Can it really be called adventure travel if you're helicoptered to a luxury lodge in the middle of nowhere? Kirrily Schwarz dosen't think so.

There's nothing quite like an outdoor adventure.

You wake with the sun, walking for hours up and down mountains, through valleys, across plains, and along rivers. You feel the wind in your face, the weight of your belongings on your back, and the burn in your legs.

You might do a side trip to a lake, scramble up some rocks and take in the view, build an impromptu snowman, roast marshmallows on a campfire, and gaze at the stars.

At the end of the day you're so tired you can't wait to fire up your trangia, cook your two minute noodles, roll out your sleeping bag, and crawl into your tent.


You're disconnected from the internet, a few days' walk from the nearest road. Your bones are aching, you probably have a blister or two, and your hair has self-forming dreadlocks.

There are times when you're in so much pain you want to cry. There are times when you fall on your butt in a glacial river and your friend laughs so hard they nearly fall over too. There are times when you look at a landscape so incredible you're speechless.

Stripping your life back to the bare essentials — food, water, shelter — means leaving your worries at the trailhead. Your mind becomes free to rest, wander and dream.

It's so much more than a rush. It's the stuff of great novels.

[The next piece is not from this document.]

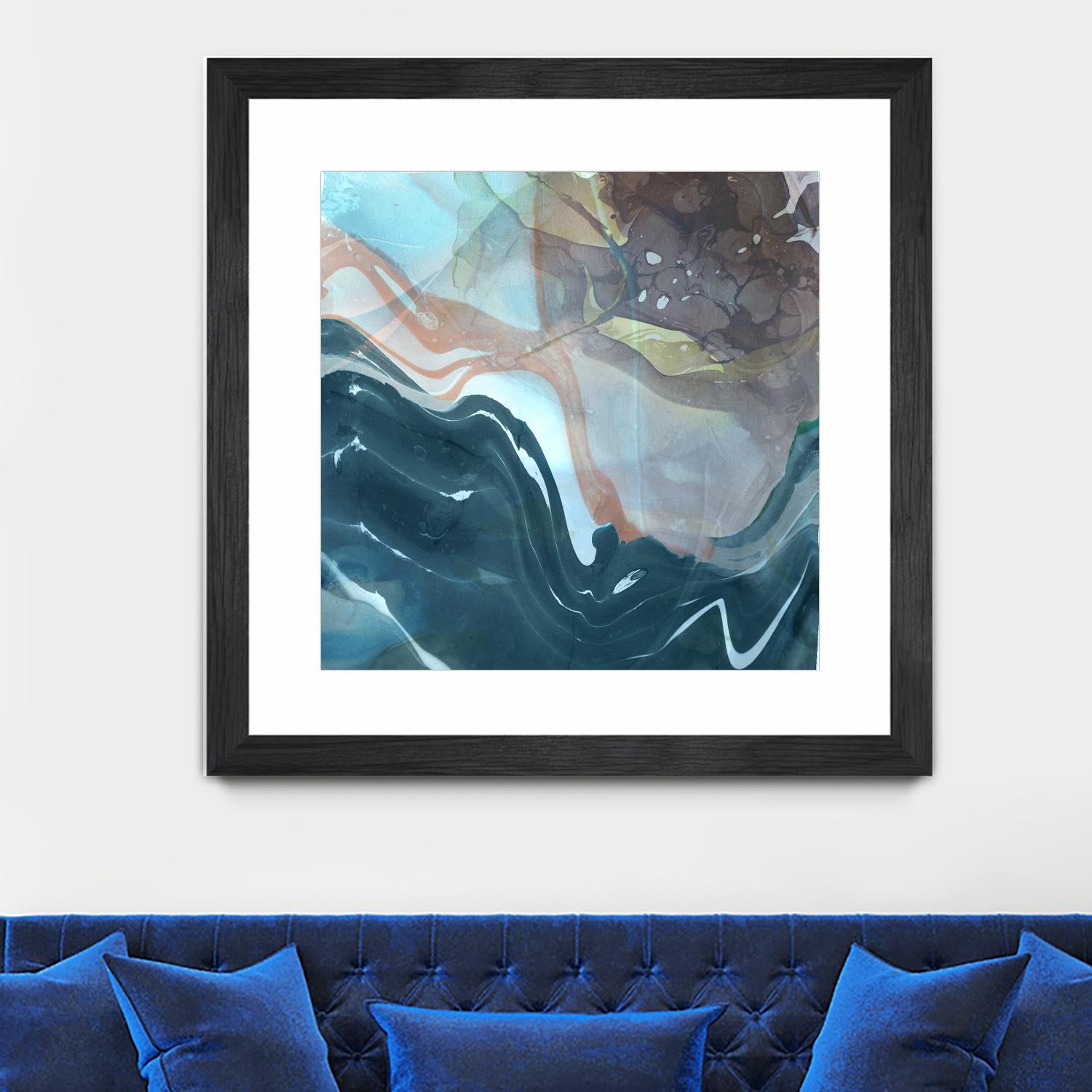 Coastal by THE Studio on GIANT ART - brown abstract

At least it was, until we went soft.

Hiking has gone high-end.

International luxury travel network Virtuoso says hiking and trekking are at the top of many people's lists. But they don't want to rough it, oh no.

"More and more, people of all ages are realising the benefits of an active lifestyle," Ange Wallace, a travel adviser for Virtuoso in the USA, told CNN.

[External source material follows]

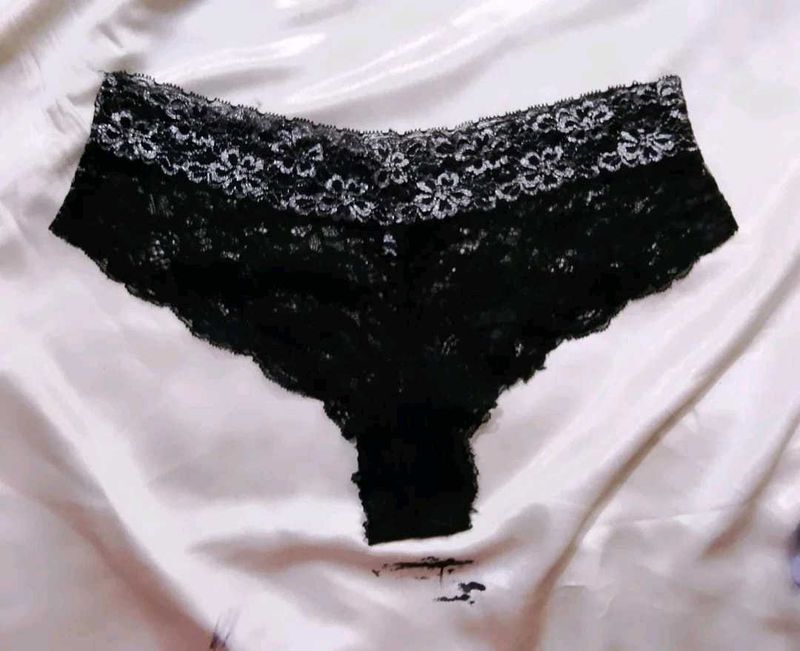 Black Lace Detail Panty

"The infrastructure of many of the world's more remote and beautifully untouched places has grown to support the desire for comfort after the physicality of the day."

It's great people are increasingly interested in keeping fit and appreciating the Earth's beauty, but it really takes away from the wilderness experience.

Your brain cannot switch off if you're helicoptered to a lodge where your Wi-Fi-connected laptop is waiting with a full inbox after a day of hiking in Iceland.

You won't get over your dependence on material things if you're retreating to a luxury yacht in the Galapagos instead of rolling out a sleeping bag.

You won't appreciate the intense pleasure that comes with the smell of cooked noodles, or the tremendous fun of cooking on a camp stove with friends.

You won't get to fully appreciate the extreme weather conditions of Patagonia if you're running away to a hot shower and comfortable bed.

Oh yes, I'm guilty of it too.

I've thanked the stars for duckboards that saved me from wading knee-deep through swampy marshland. I've hired a porter to help carry gear through the Himalayas. I've opted for a rustic shack over a tent when the temperature plunged below zero.

However, adventuring is a mind, body, and soul experience.

It's an opportunity to realise exactly how small we are in the universe, but how capable we are of overcoming adversity.

It's an opportunity to marvel at the world we live in, and understand why so many people believe in a higher power.

It's an opportunity to figure out the things that really are important, and forget the small stuff.